Start of Recorded data

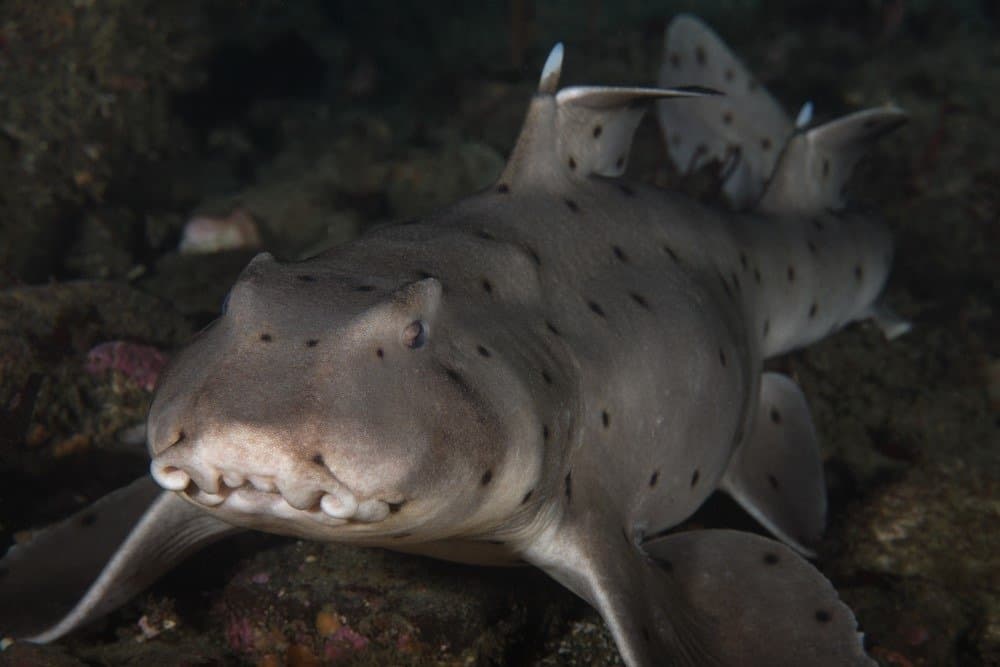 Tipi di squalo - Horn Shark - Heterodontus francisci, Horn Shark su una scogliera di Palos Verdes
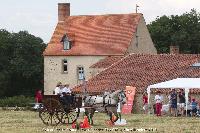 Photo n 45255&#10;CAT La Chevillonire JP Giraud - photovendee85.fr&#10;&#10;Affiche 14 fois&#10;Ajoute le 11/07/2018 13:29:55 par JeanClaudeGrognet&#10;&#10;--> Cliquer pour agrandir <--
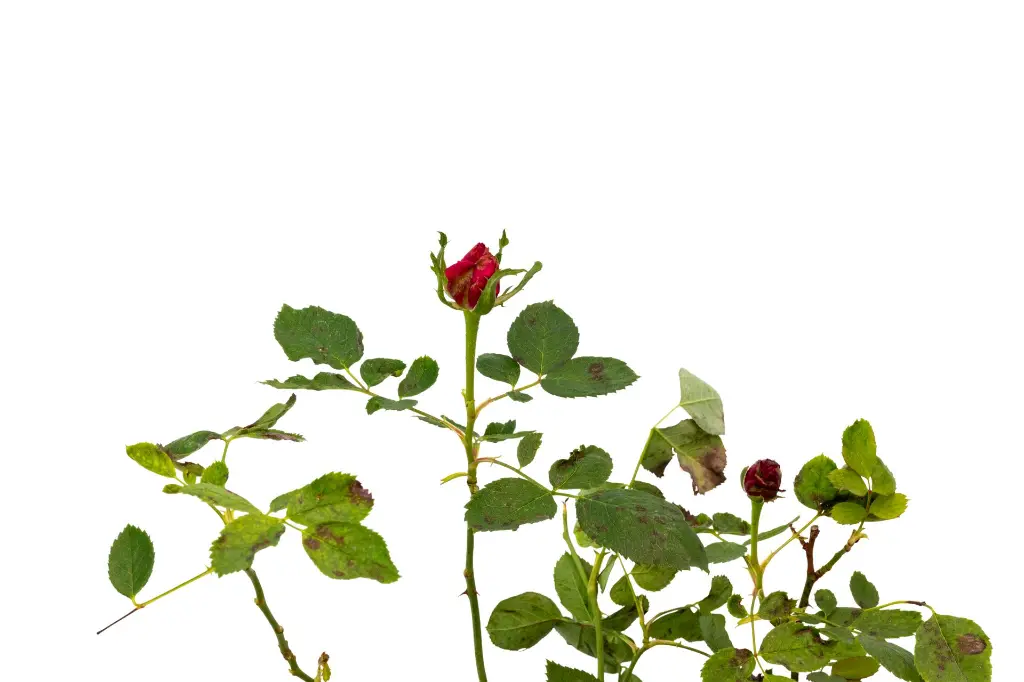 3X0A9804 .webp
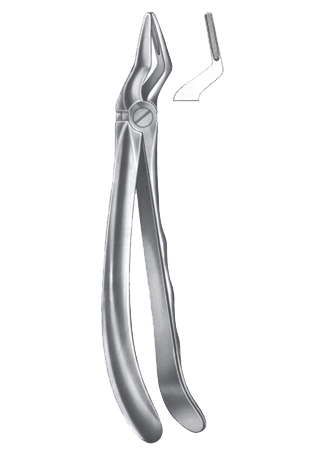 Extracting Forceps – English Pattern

End of Recorded data

=== Your assignment ===
Transcribe the whole listing above exactly and leave out the pictures.

=== Task result ===
 Tipi di squalo - Horn Shark - Heterodontus francisci, Horn Shark su una scogliera di Palos Verdes
 Photo n 45255&#10;CAT La Chevillonire JP Giraud - photovendee85.fr&#10;&#10;Affiche 14 fois&#10;Ajoute le 11/07/2018 13:29:55 par JeanClaudeGrognet&#10;&#10;--> Cliquer pour agrandir <--
 3X0A9804 .webp
 Extracting Forceps – English Pattern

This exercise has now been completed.